Continuing the article on entering international markets

B. Example of Two International Companies Joining for Business in a Third Market: Ford and
Volkswagen teamed up in 1987 to form Autolatina in an effort to sell cars in South America. Autolatina produced vehicles that were based on Ford and Volkswagen designs but marketed through each respective manufacturer’s distribution channels. The advantages of such an agreement include the increased resources and expertise gained by each participant as well as the shared risk between the companies.

The obvious drawback of this type of joint venture is that neither company may have an existing foothold in the third market. In this regard, the process may be similar to starting a business from the
ground up, which is extremely costly and time consuming. The remaining disadvantages are similar to other types of joint ventures in that both companies will lose some management control, some profits, and some intellectual property during the agreement.

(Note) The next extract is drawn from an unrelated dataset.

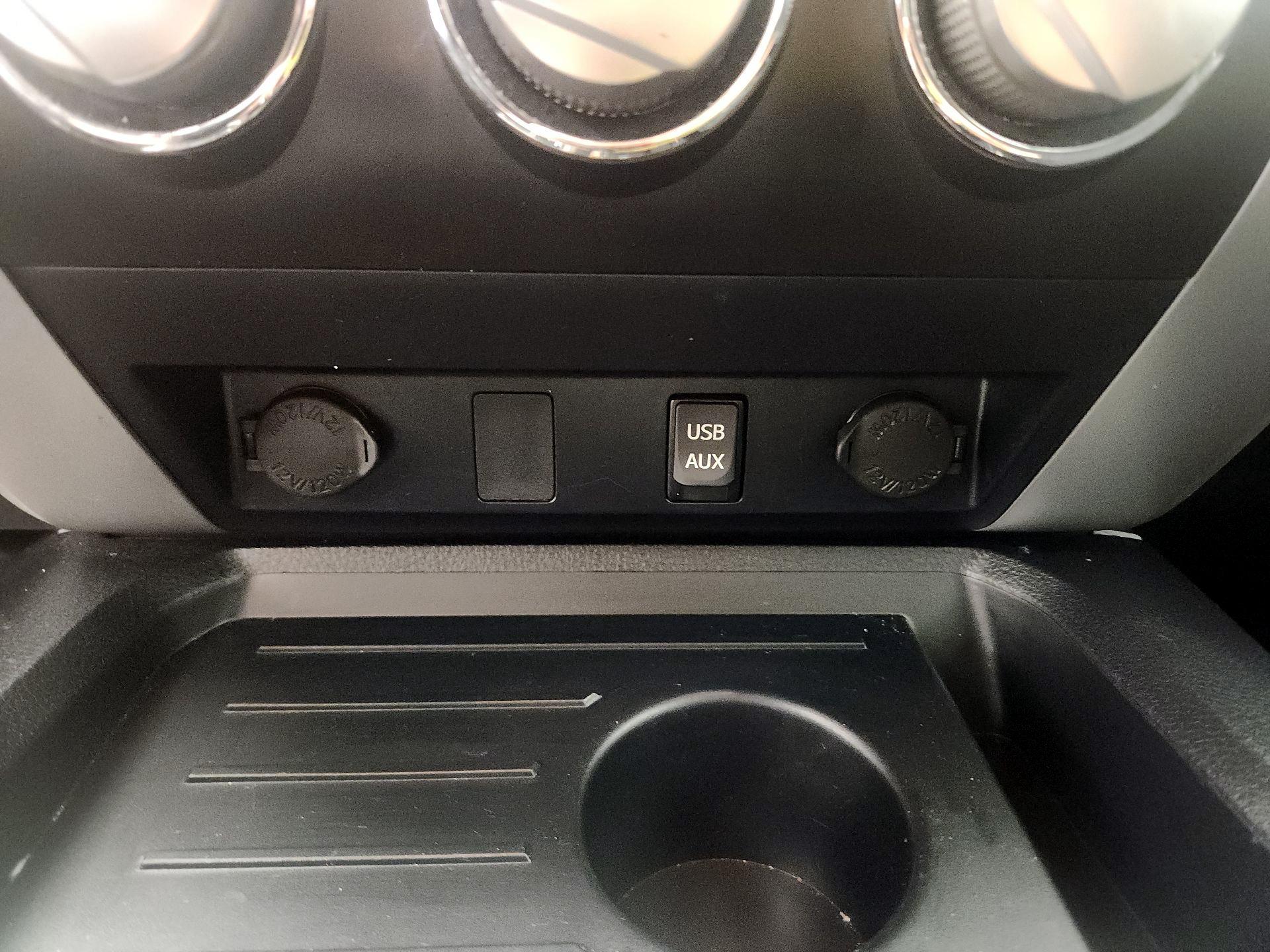 Thumbnail: 2019 Toyota Tundra - 18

C. Example of an International Company and a Government Entity: this is a lesser-used mode of joint venture. This type of agreement has been used extensively by the various states of the former Soviet Union. Tengizchevroil is a joint venture between Chevron and Kazakhstan to produce, refine, and transport oil for both domestic use and sale abroad. The oil is located in Kazakhstan and Chevron has the expertise and equipment to run the entire operation.
The advantages for Chevron include a virtually unhindered access to the market, ease of licensing and tax benefits. The advantages for Kazakhstan are just as obvious. The former Soviet republic gets expert production of its oil, newly created jobs, and profits.
The disadvantages to Chevron include the hardships in dealing with the unstable political, economical, and legal framework; the difficulty in accessing the pipeline for transport, and the extremely high and uncertain export taxes on oil leaving Kazakhstan. Chevron might also have to deal with a government that is not concerned with profit. In other words, Kazakhstan may not care about keeping production high so long as oil is being produced.